Evaluation of Forging Die Defect by Considering Plastic Deformation and Abrasive Wear in a Hot Forged Axle Shaft

Abstract

In the hot forging process, an abrasive wear is a major problem in the manufacturing process which may possibly happen together with the plastic deformation. Both effects are difficult to distinguish in the real tooling. Finite Element Modeling (FEM) is a tool that use to simulate those phenomena in the hot forging process. However, some unknown factors are not directly obtained from the actual measurement. Thus, the sensitivity analysis is applied together with FEM to approximate those parameters. This research was to evaluate the die defects of the hot forged axle shaft process which were the plastic deformation and the abrasive wear. The reliable simulation modeling was developed by conducting the sensitivity analysis of the unknown parameters; heat transfer and friction coefficient, and compared the results with the experimental results.

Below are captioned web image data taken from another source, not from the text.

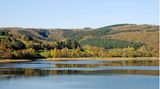 Stausee Obersauer, Naturpark Obersauer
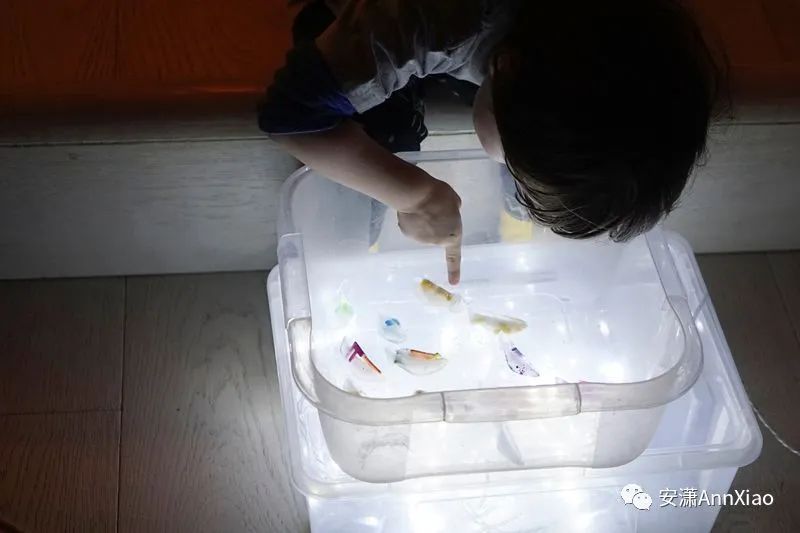 有哪些早教游戏,早教机构早教游戏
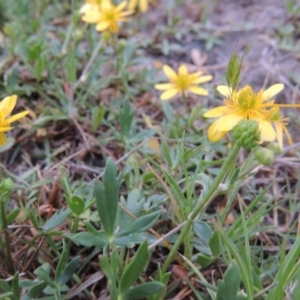 Ranunculus papulentus at Bonython, ACT - 14 Oct 2014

Then, the evaluation of the defects was performed by considering the effect of the plastic deformation and abrasive wear separately. The plastic deformation would be determined by comparing the effective stress with the yield strength of the die material at the same temperature. To predict abrasive wear in 3D space the die profile from the actual process was measured by CMM and then it was compared with that obtained by FEM. Archard’s model was used to predict the abrasive die wear in FEM. The variation of the K-values was significant to the wear prediction. According to this study, the average K-value obtained from different positions gives the best representative than considering only a single point K-value.